Sa principale défense : en tant que joueur professionnel, il est de son devoir d'utiliser toutes les techniques « légales » possibles pour prendre l'avantage sur le casino.

Il estime que cette définition s'applique à « l'edge sorting », la technique qui lui a permis de remporter environ 12,3 millions de dollars au casino Crockfords en deux longues sessions de Punto Banco en 2012.

Grâce à un défaut présent sur un certain nombre de jeux de cartes et à des instructions précises données au croupier (qu'ils ont fait passer pour de la « superstition »), Ivey et sa partenaire Cheng Yin Sun ont pu déterminer quelles étaient les cartes à venir et donc d'adapter ses mises en fonction.

Ivey reconnaît volontiers avoir utilisé cette technique, il reste cependant persuadé qu'elle n'est pas illégale.
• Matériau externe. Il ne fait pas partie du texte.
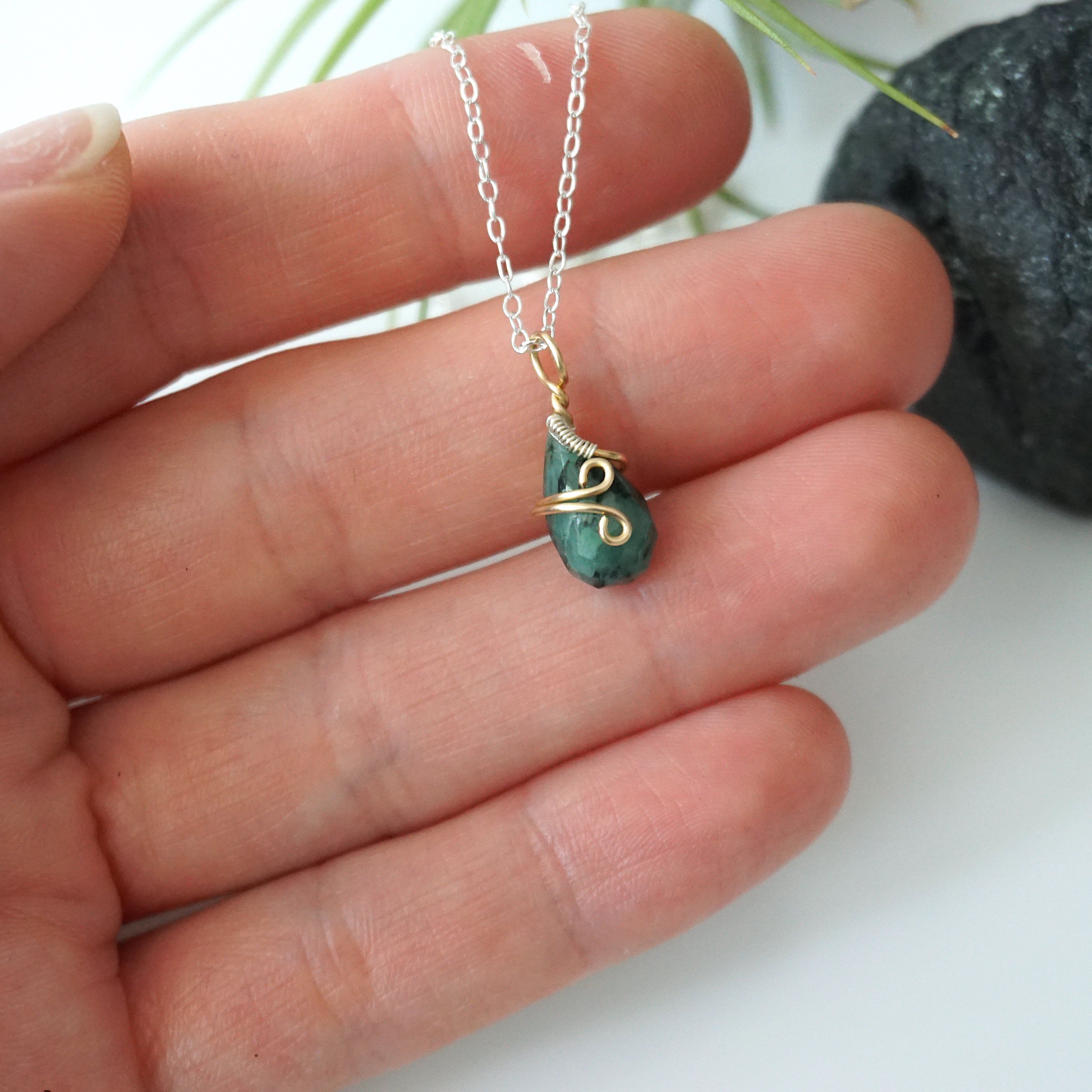 14K Gold Filled Raw Emerald Charm Necklace for Women - Elegant Sterling Silver Pendant Jewelry Gift for Birthday, Anniversary & Special Occasions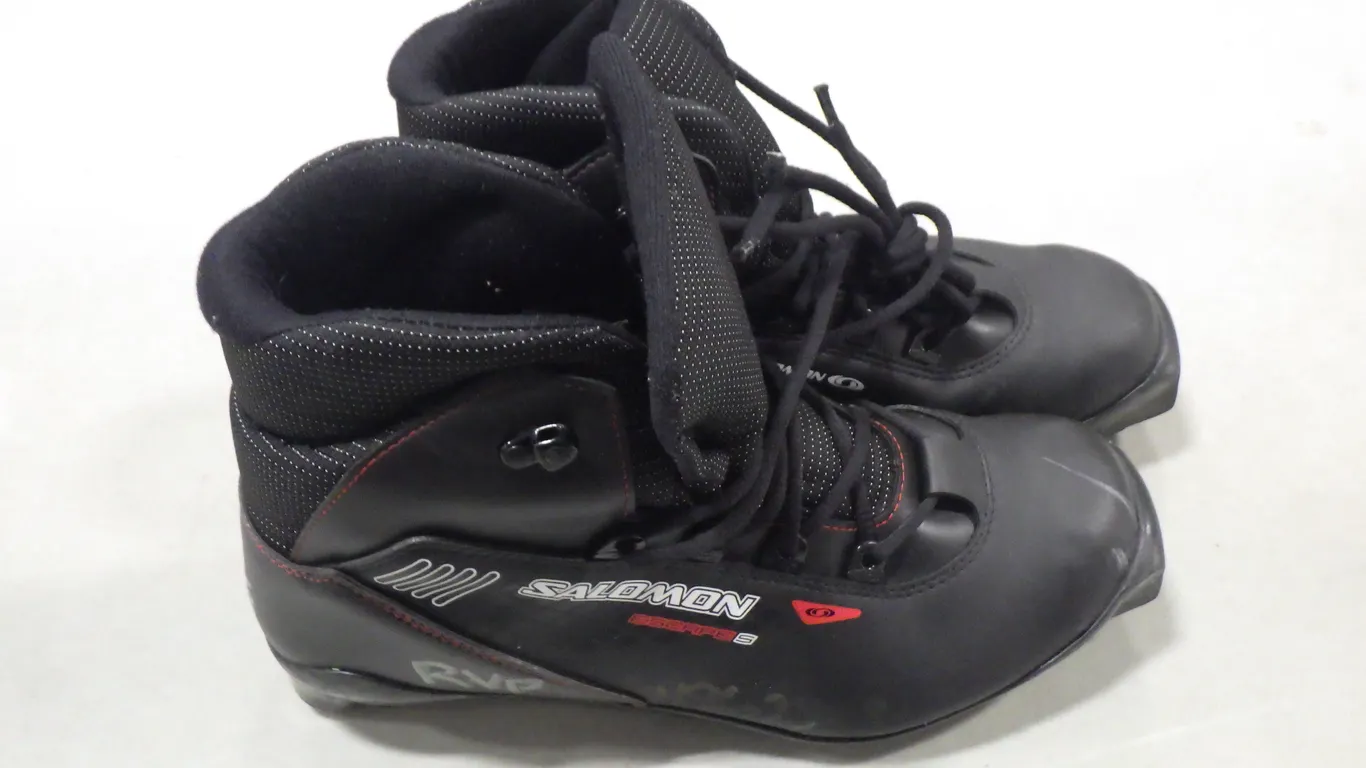 Salomon Escape 5 Cross-country ski boot (size 9.5) Salomon Escape 5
« Certains estiment que c'est de la triche, mais je sais que ce n'était pas le cas » expliquait-il dans un reportage diffusé sur CBS il y a deux jours.

« Les joueurs professionnels savent que ce n'était pas le cas. Je ne ferais jamais rien qui s'apparente de près ou de loin à de la triche. Je veux dire, dans le monde du jeu, je mise tout sur ma réputation. »

D'après la BBC, les avocats de Phil Ivey « n'ont pas été autorisés à faire appel, bien qu'ils soient invités à renouveler leur demande auprès de la Cour d'appel s'ils le souhaitent ».

Par ailleurs, Ivey attend le verdict d'une autre affaire similaire face au casino Borgata à Atlantic City.